Can you give any feedback here? Have you ported this code from VBA or was it written from scratch.

Any other comments would be welcome.

John
 
Good question John given the apparent shift coming from VBA to VSTO by Microsoft.

I've only dabbled in VSTO so far, with more effort into creating a VB.NET applications to replicate existing MS Access Applications and a couple of MS Word VBA template applications with some insights:
- Time taken VB.NET & VSTO : VBA = 5:1
- Data access via ADO.NET much slower than ADO or DAO for native MS Access Applications.
- Class inheritance in dotNET offers a lot, the least of which is extending controls for your needs.
- Outlook addins through VSTO are a snap, and creating VB.NET forms to extend Outlook a real pleasure. The issue here though is not using VBScript which is needed for some aspects of Outlook addins through VBA.

This in no way represents a definitive list and may of course relate to my deficiencies as a developer than anything to do with the technologies themselves (especially ADO.NET), but I did put some effort into reading and learning these new technologies.

And guess what, I'm back to MS Access & VBA for Word while still using VSTO for Outlook.

Brad
 
I went to a Microsoft conference about Office Business Application Development in London, UK a few weeks ago. The impression I got from there was that VBA is very much dead in the water, and VB.Net wasn't used for any of the sample code (they were all C#). If MS themselves aren't using VB.Net in public demonstrations, it doesn't bode well for its long term future.
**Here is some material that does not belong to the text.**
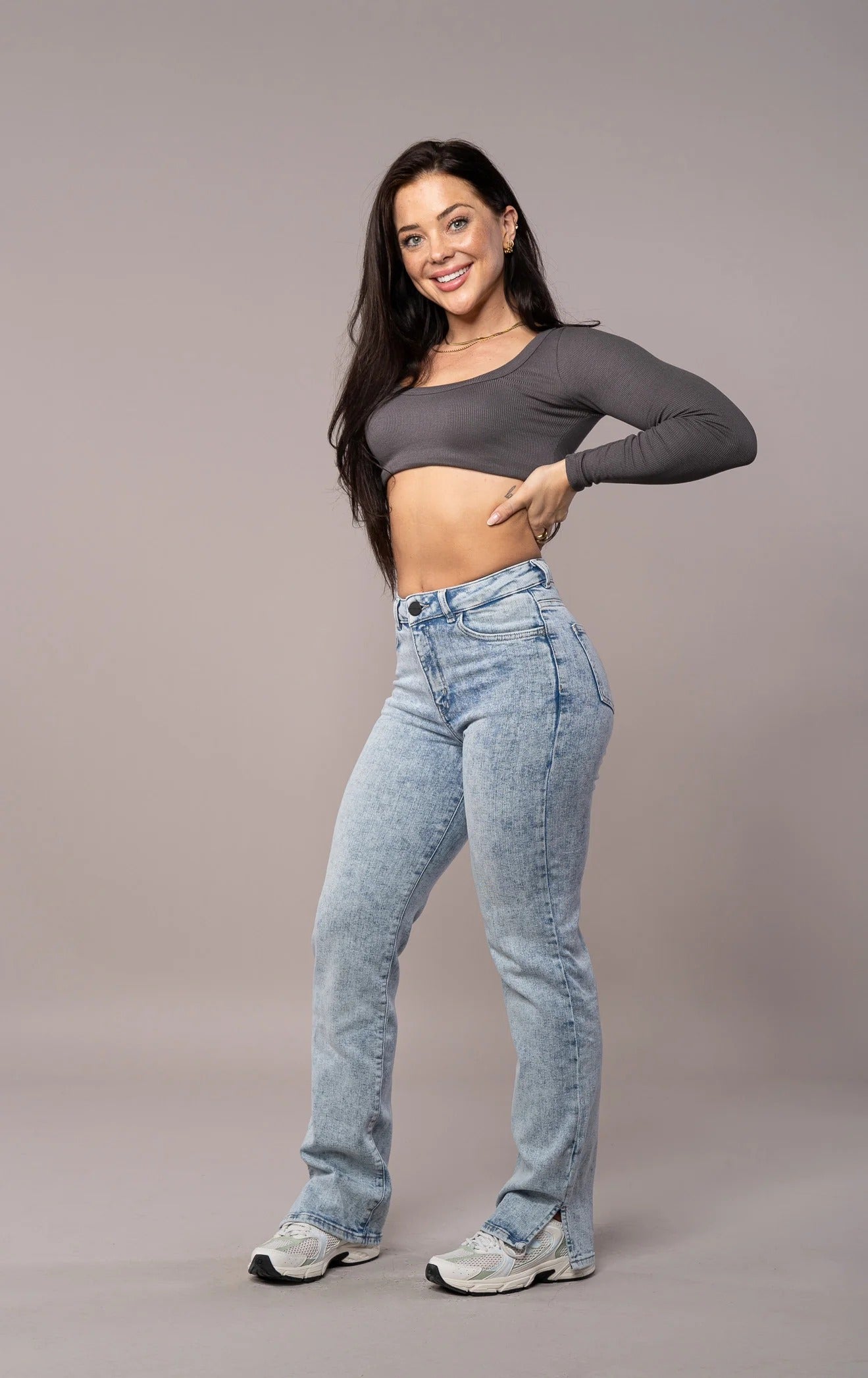 Straight Leg - 80s Blue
My concern is that while the tools to develop in VBA are included out of the box (VBA editor and help files) with Office up to and including 2007, if you want to use VSTO and .Net you need Office itself, plus Visual Studio and the VSTO tools, which costs money over and above the standard Office license, a far cry from being included.
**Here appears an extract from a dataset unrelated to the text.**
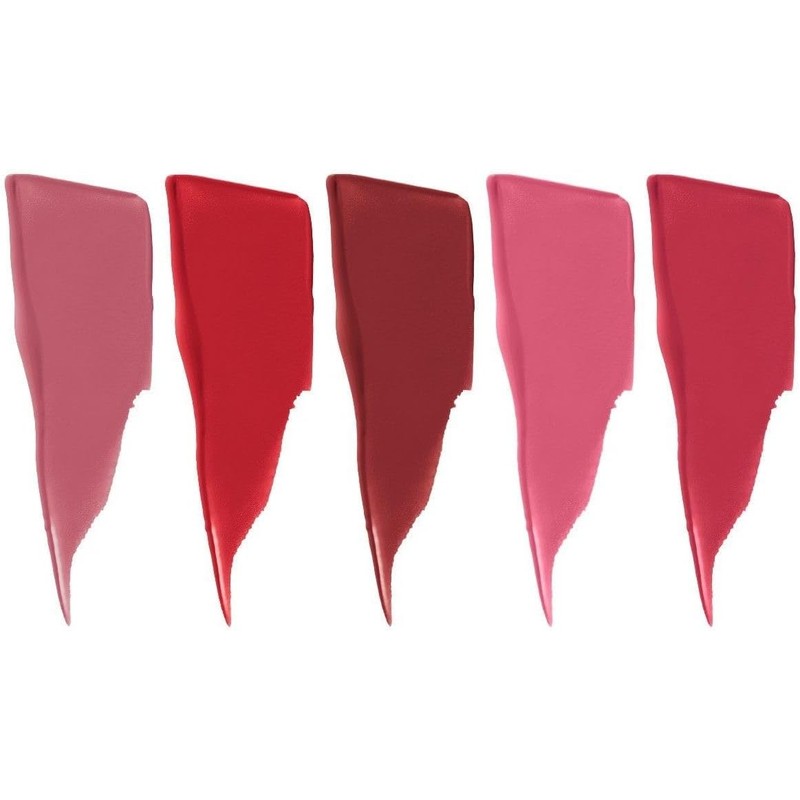 Maybelline 5 pack labiales liquidos matte larga duracion superstay matte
If Office 2010 (or whatever follows 2007) removes the VBA editing tools or ability to run existing VBA then there will be a lot of upset people where I am - and a lot of work on my part to get the functionality via other means.

John
 
I wouldn't worry about VB.NET becoming a dead language. From what I've seen it's highly popular, probably because of ex-VB developers adopting it as their .NET language. In fact the ASP.NET books I've bought all either use VB.NET for the sample code, or at least samples in both VB.NET and C#.
I can't see VBA being pushed out too quickly - Microsoft's customers simply won't buy the new version if that is the case. They've already extended sales of Windows XP another six months due to customer demand (many companies are not yet willing to switch to Vista).